Rus büyükelçisi Karlov'a yapılan suikasttan sonra basınımızda tartışılıyor; katil polis Fetö'cü müydü, El-Nusra'cı mıydı, şucu mudu, bucu muydu?

Hiç kimse şunu farketmiyor ya da hiç kimse şunu söylemeyi akıl edemiyor: Bir polis memurunun taraflı olması tuhaf değil mi? Kamu görevi yapanların tarafsız davranması gerekmez mi? Eğer davranamıyorlarsa bunların eğitiminde yanlışlık ve eksiklik yok mudur?

Kamu güvenliğini sağlamakla görevli personele, göreve başlamadan önce verilmesi gereken en önemli eğitim, öğretilmesi gereken en önemli prensip tarafsızlık ilkesi olmalıdır. Göreve başlatılmadan önce bütün güvenlik elemanları sıkı bir imtahana tabi tutulmalıdır. İdeolojik eğilimleri olan ve yansız davranamayacağı tesbit edilen adaylara daha baştan set çekilmeli ve bunların kamu güvenliğinden sorumlu kişiler olmasına asla izin verilmemelidir.

Karlov'a silah çeken el gibi polis teşkilatındaki ya da diğer güvenlik elemanlarından ideolojik eğilimlerinin etkisi altında hareket edebilecek kişilere devletin silah ve mühimmatı teslim edilemez. Bu durum çok tehlikelidir. Atatürk'ün çok engin bir öngörüyle işaret etmiş olduğu gibi ordu nasıl siyasete karıştırılmamalı ise aynı şey güvenlik birimleri için de geçerlidir.

Polisin yani canımızı ve malımızı emanet ettiğimiz kişilerin eğitimi önemli olduğuna göre, polis adaylarının sadece iki yıllık yüksek okul ya da dört yıllık akademik eğitimden geçirilip mezun edilmesi de yeterli değildir. Polis akademesi öğrencilerinin, günümüzdeki teknolojik gelişmelere uygun bir şekilde eğitilirken aynı zamanda uluslararası terörizm, mülteciler, sosyoloji, psikoloji ve davranış bilimleri gibi konularda da çok sıkı bir eğitim ve öğretime tabi tutulması ve bir dizi psikolojik ve davranışsal testlerden geçirilmesi elzemdir. Bu testleri başarıyla veremeyenler daha baştan engellenmeli ve okuldan ihraç edilmelidir.

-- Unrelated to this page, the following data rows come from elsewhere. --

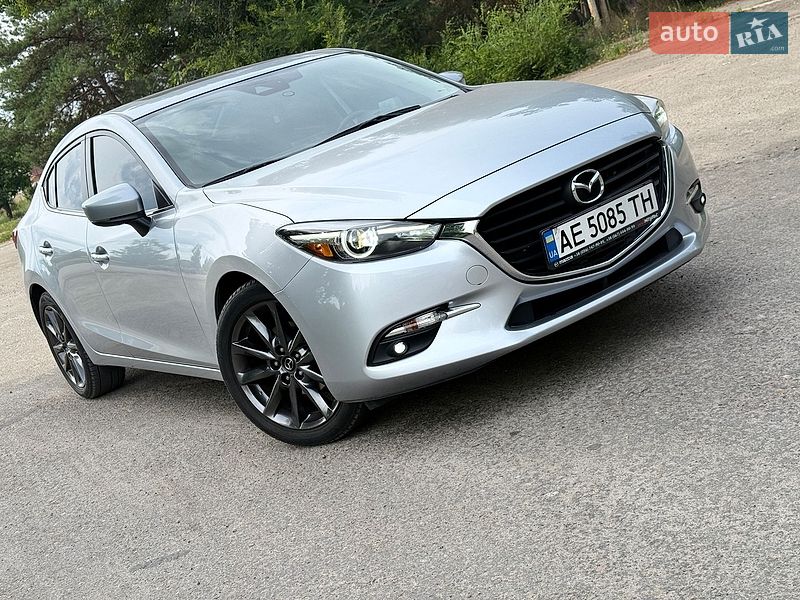 Седан Mazda 3 2018 в Дніпрі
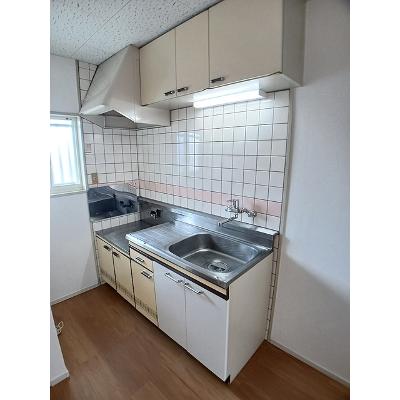 ワールドハイツ満永Ⅱ 201【管理NO：1-003767201-02010】 ★家具家電は申し込み後に搬入します★の物件写真3
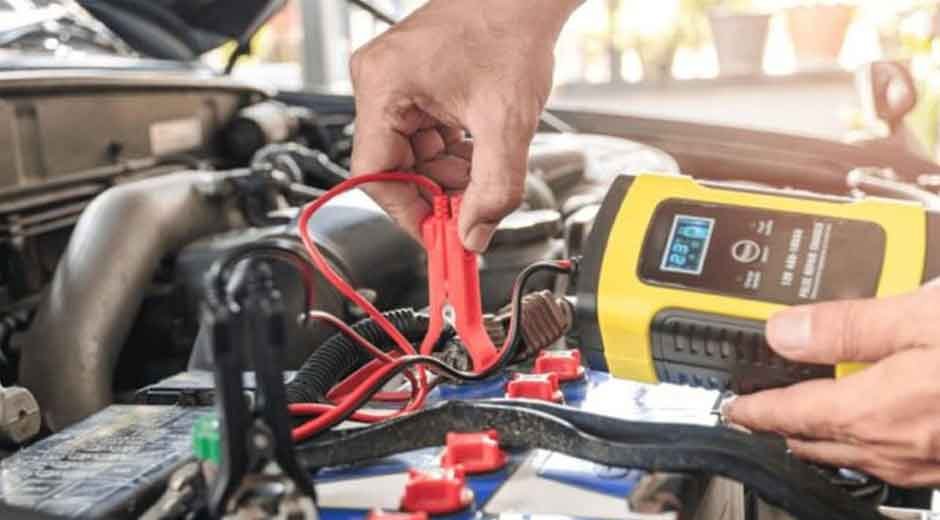 Trickle Chargers: Maximizing Battery Health in Electric Vehicles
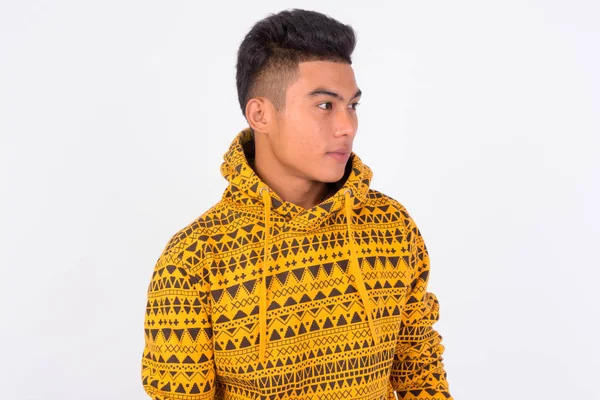 Joven asiático hombre con sudadera con capucha pensando y mirando hacia otro lado — Foto de Stock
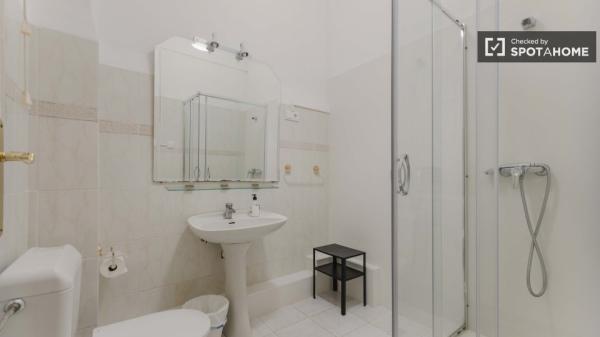 Room for rent in 8-bedroom apartment in Valencia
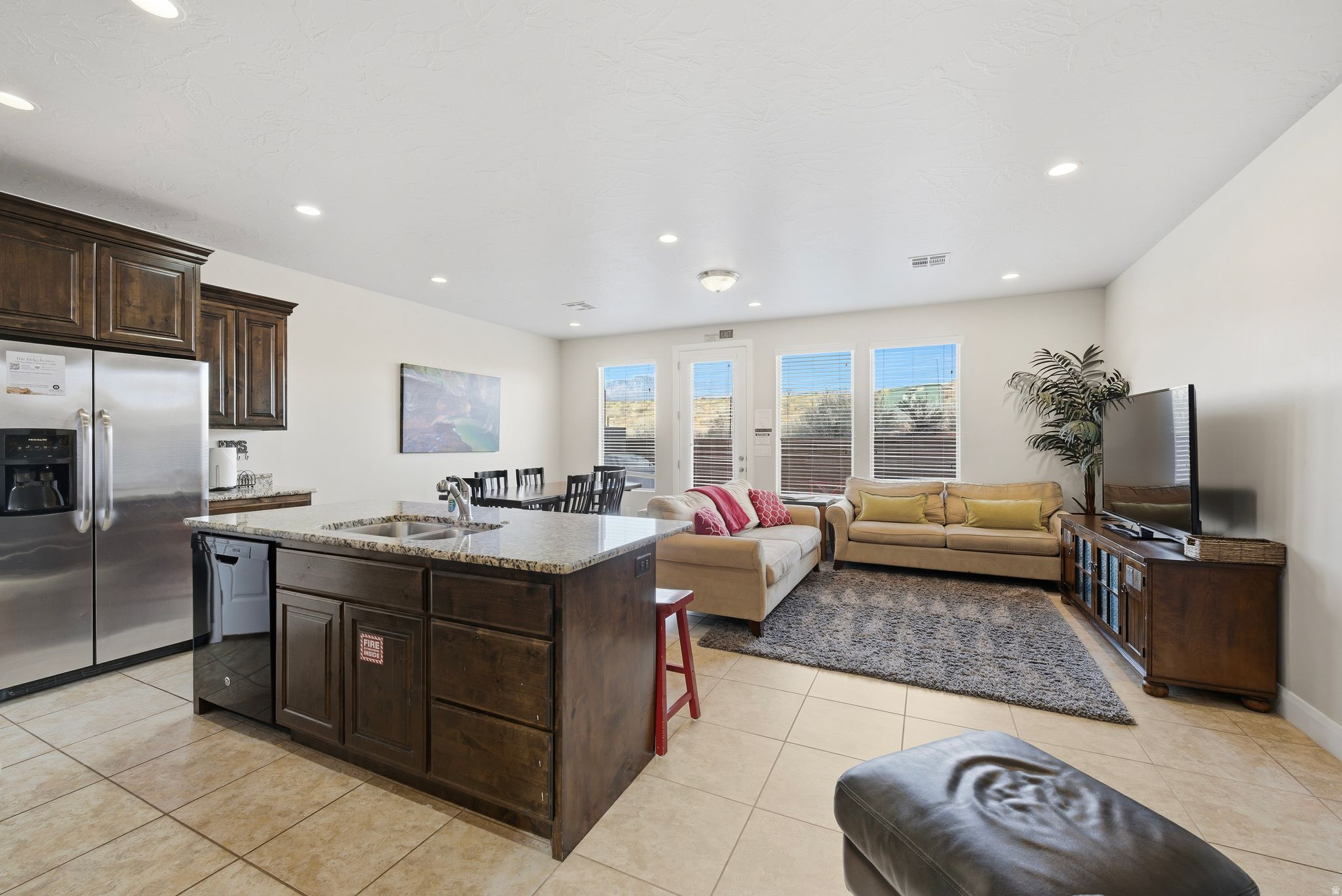 CORAL RIDGE TOWNHOME - Residential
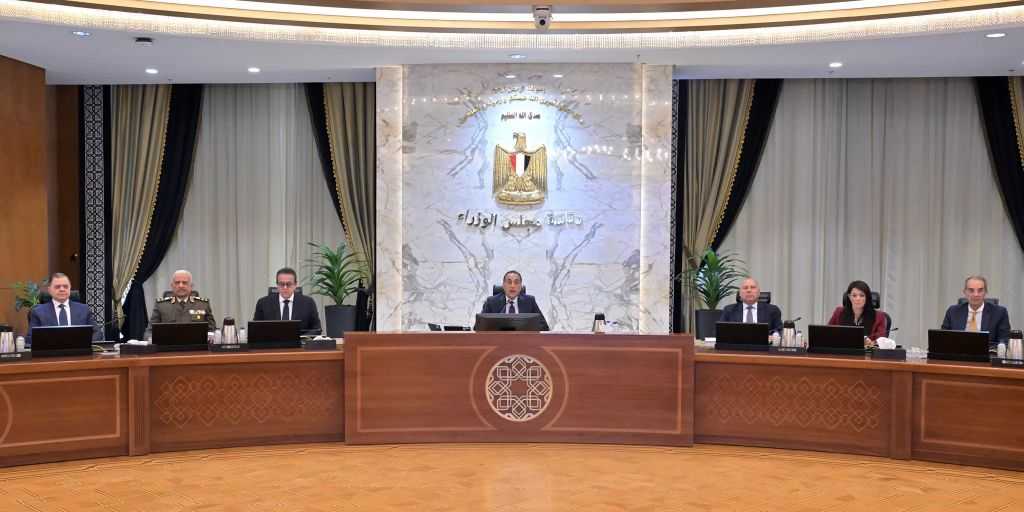 رئيس الوزراء: الحكومة تناقش اليوم حزمة التسهيلات الضريبية الثانية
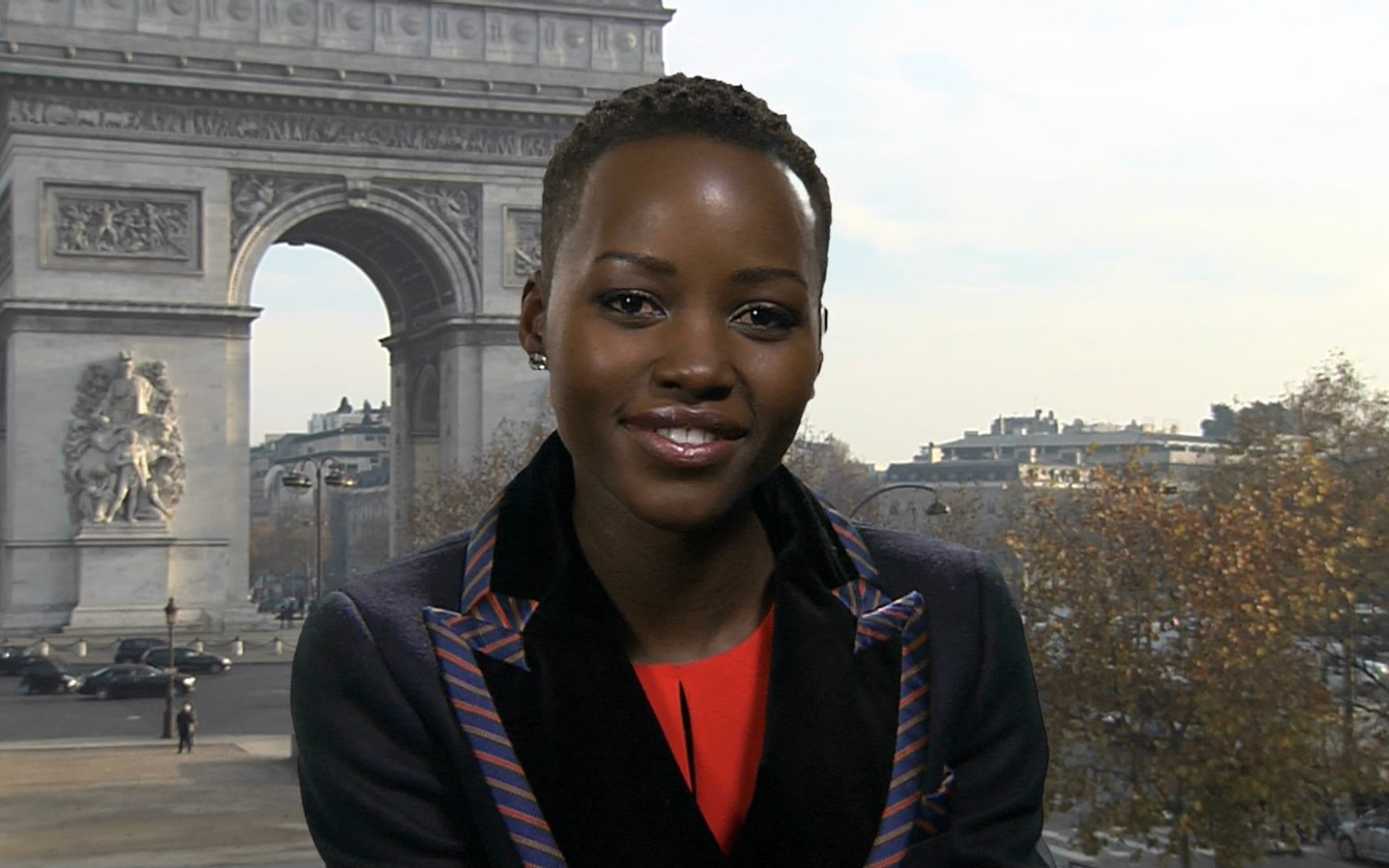 Популярная супермодель Лупита Нионго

Batı'daki ve dünyanın diğer ülkelerindeki polis teşkilatlarına polis alımıyle iligili şartlar konusunda, akademik araştırmalar yapmakla işe başlanabilir. Bu konuda atılacak ilk adımlardan biri de kamuoyunda, polis ve güvenlik elemanları hakkında oluşacak güven duygusu zaafiyetinin önüne geçilmesidir. Bunu sağlamak için polis teşkilatı ve kamoyu arasındaki iletişim kanalları açık ve güven verici bir şekilde temin edilmelidir. Eğer polislerimiz arasında, liderlik vasıflarına sahip olanlar teşvik edilerek iyi imkanlarla donatılırlarsa, toplumla polis teşkilatı arasında kaliteli ve tatmin edici iletişim kanallarının yolu da daha kolay açılabilir.

15 Temmuz darbe girişiminden sonra toplumun bazı kesimlerinde askere karşı bir güvensizlik ve kuşku oluşmuştu. Karlov suikastından sonra şimdi aynı güvensizlik ve kuşkunun polise karşı da oluşmasının önüne geçilmelidir. Yoksa askere güvenme, polise güvenme... Kime güveneceğiz peki?